In fiery exchanges in the House of Commons on Wednesday, May said an early election would strengthen her hand against domestic critics seeking to "frustrate the process" of Brexit, which formally began last month.

Voters could give Europhile politicians a boost in Britain's upcoming election, but the effect will be limited and the prospect of a grand alliance to soften Brexit is improbable, analysts said.

But May won the day with a commanding majority.

She insists an early election would provide "certainty and stability" in the negotiations, which will now start after the vote. Mr Corbyn accused the government of "broken promises" on health, education and the economy during its seven years in office.

In recent weeks Labour has threatened to vote against the deal we reach with the European Union.

He told MPs: "We welcome the opportunity of a general election because it gives the British people the chance to vote for a Labour government that will put the interests of the majority first".

May explained her policy U-turn with an attack on her domestic political opponents, many of whom support Britain's continued membership of Europe's single market, accusing them of "game-playing" over Brexit.

The snap election caps a tumultuous few years in British politics that has seen two historic referendums-one on Brexit, one on Scottish independence-and a prime ministerial resignation.

Britain's second female prime minister, who took over last summer following her predecessor David Cameron's failure to convince voters to back the European Union, also appears to have won strong popular support for her handling of the political quake unleashed by Brexit.

He said Labour's collapse under Jeremy Corbyn helped explain the prevailing poll results.

In a worrying sign for Labour, three of its MPs have already announced they will not stand again.

"We will not let the elite extract wealth from the pockets of ordinary working people any longer".

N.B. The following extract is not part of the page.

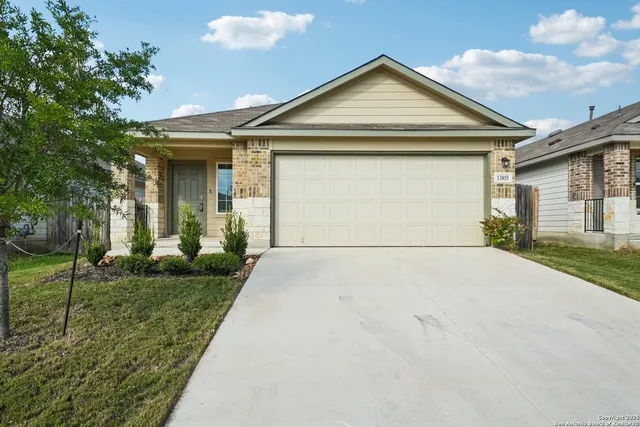 $1,795 | 13855 Siltstone Loop, San Antonio, TX 78253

"The SNP remains dominant in Scotland and is likely to retain most of its 56 seats".

Like nearly everyone else in Britain, the election announcement caught financial markets off guard, amid concerns of the economic implications of Brexit.

The pound rallied on speculation that May will be returned with a stronger mandate, but this caused London's FTSE 100 index - which features many multinationals earning in dollars - to fall.